The goal of this issue of Traitement Automatique des Langues (TAL) is to give an overview of current research on NLP for under-resourced languages from all over the world, encompassing a large variety of tasks.
Authors are invited to submit original papers on all aspects of NLP for under-resourced languages, in particular regarding, but not limited to, the following issues and tasks:
Methods for the acquisition, collection and elicitation of resources and annotations (e.g., OCR, crowdsourcing, etc.), for textual or spoken data
Spelling normalisation and character-level models for spelling variation
Projection of annotations from closely-related languages and cross-lingual models
Methods to deal with data sparsity, low quality issues and out-of-vocabulary words
Language and language variety identification, in particular for short texts and mixed language texts with code-switching
Computer-assisted language learning and writing aids (spelling correction, predictive text and word completion)

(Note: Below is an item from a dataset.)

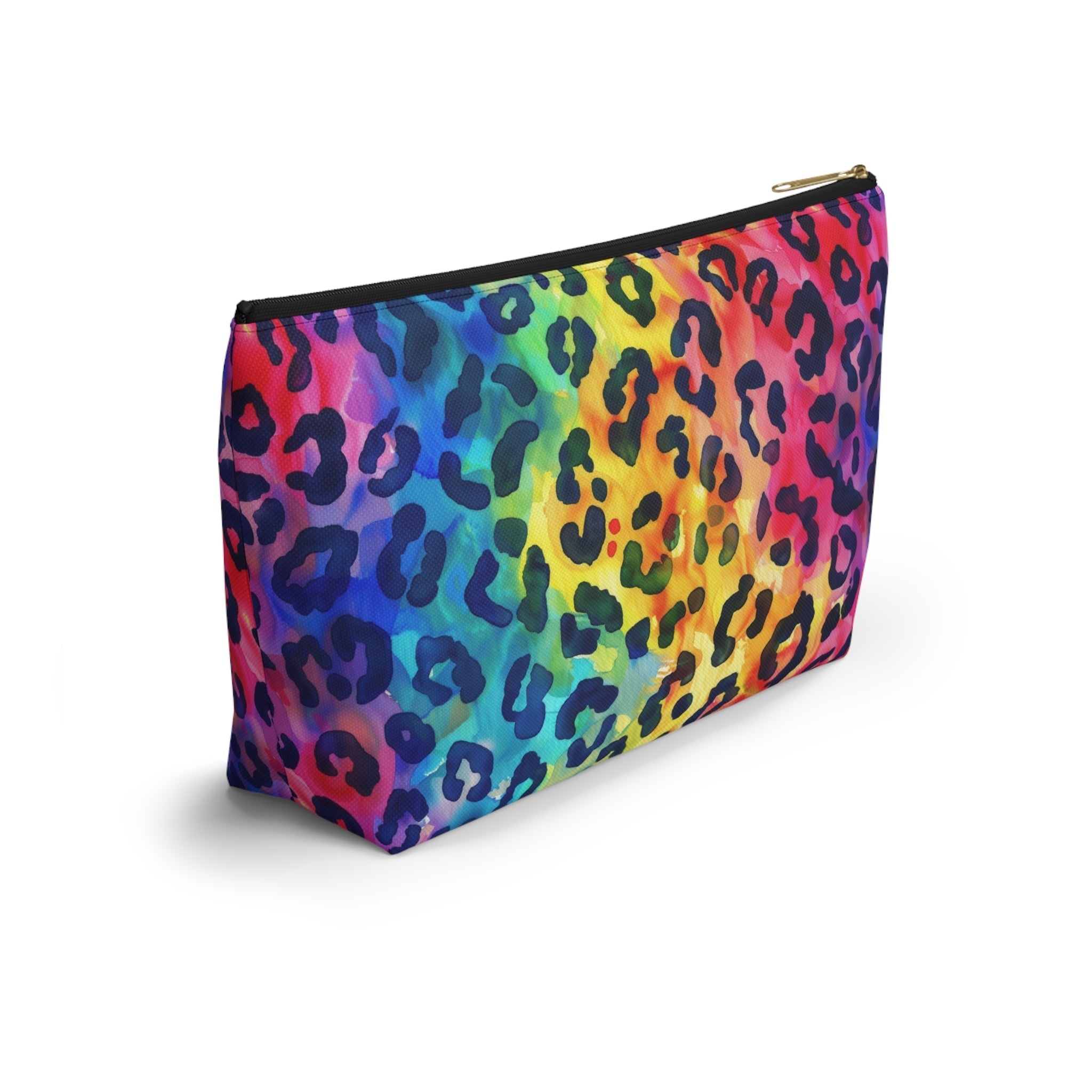 Bespattered Facade Rainbow Watercolor Leopard Accessory Pouch With T-Bottom | 2 Sizes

Issues related to reusability of NLP tools, techniques and resources for languages other than those originally targeted, with special concern for interoperability and reusability of resources and tools
Computational approaches for under-resourced and endangered languages documentation
We also invite authors to provide a short but accurate description of the languages or language varieties under study, focusing both on their linguistic and sociolinguistic characteristics:
Brief history, location of current speakers ;
Main linguistic properties (morphology, syntax) and language family ;
Writing system ;
Vitality, approximate number of speakers, and contexts of use.
TO NOTE
IMPORTANT DATES
Submission deadline :May 15, 2018 May 25, 2018
Notification to authors after the first review: July 16, 2018
Notification to authors after the second review: September 30, 2018 October 20, 2018
Final version:November 30, 2018
Publication: January 2019
THE JOURNAL
TAL (Traitement Automatique des Langues / Natural Language Processing) is an international journal published by ATALA (French Association for Natural Language Processing, http://www.atala.org) since 1960 with the support of CNRS (National Centre for Scientific Research). It is now published online, with an immediate open access to published papers, and annual print on demand. This does not change its editorial and reviewing process.